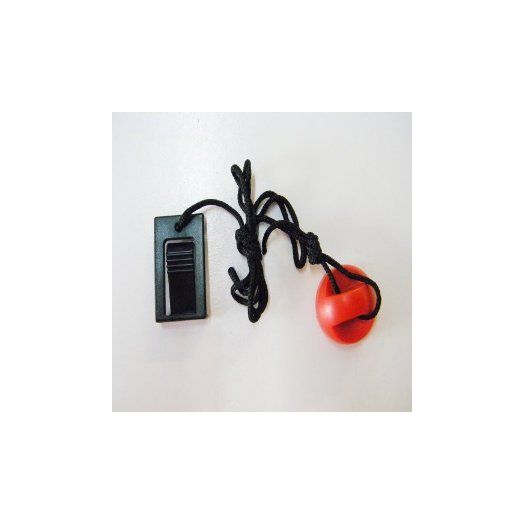 Treadmill Key 208603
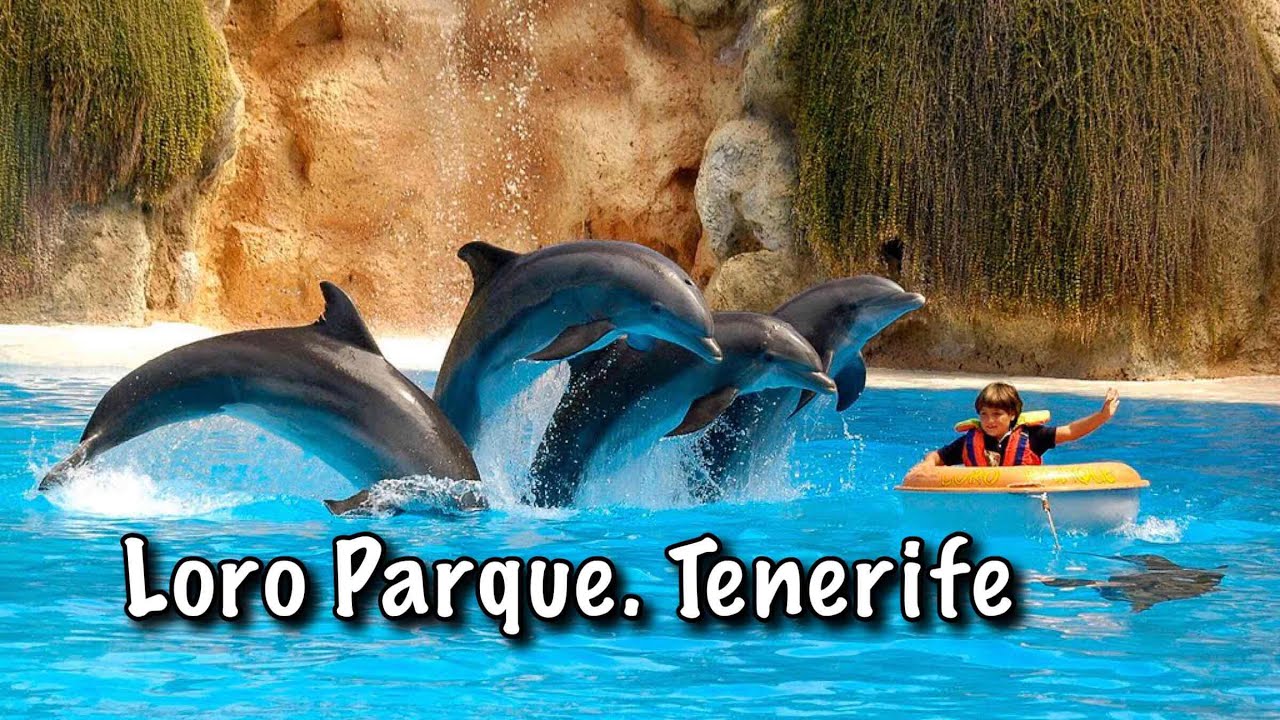 Dolphin Show. Loro Park. Tenerife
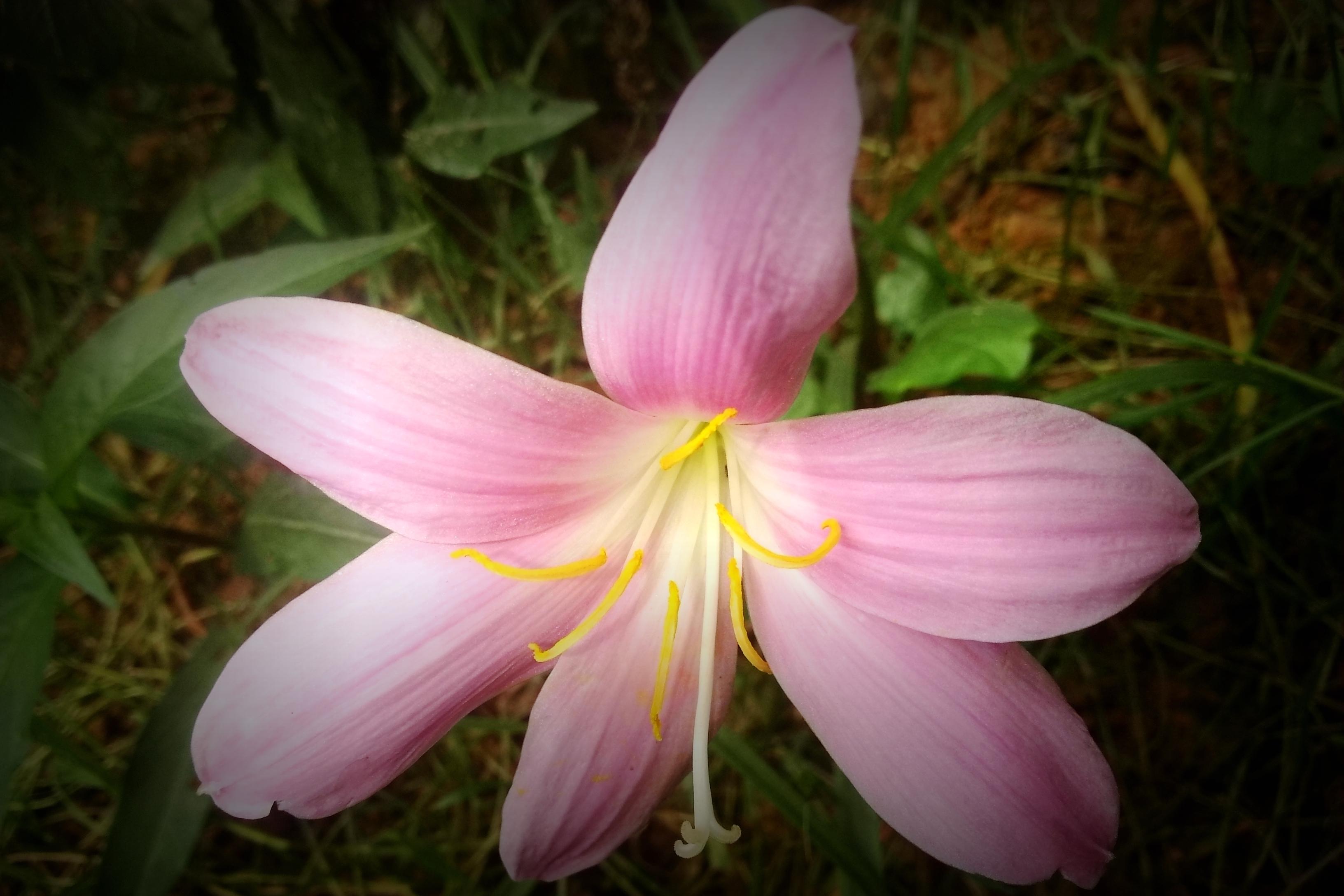 广东花卉市场概览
-- -- --
*Directions for this task*: Give back the whole listing exactly as it stands. No pictures belong in the copy.

*Answer space*:
 Treadmill Key 208603
 Dolphin Show. Loro Park. Tenerife
 广东花卉市场概览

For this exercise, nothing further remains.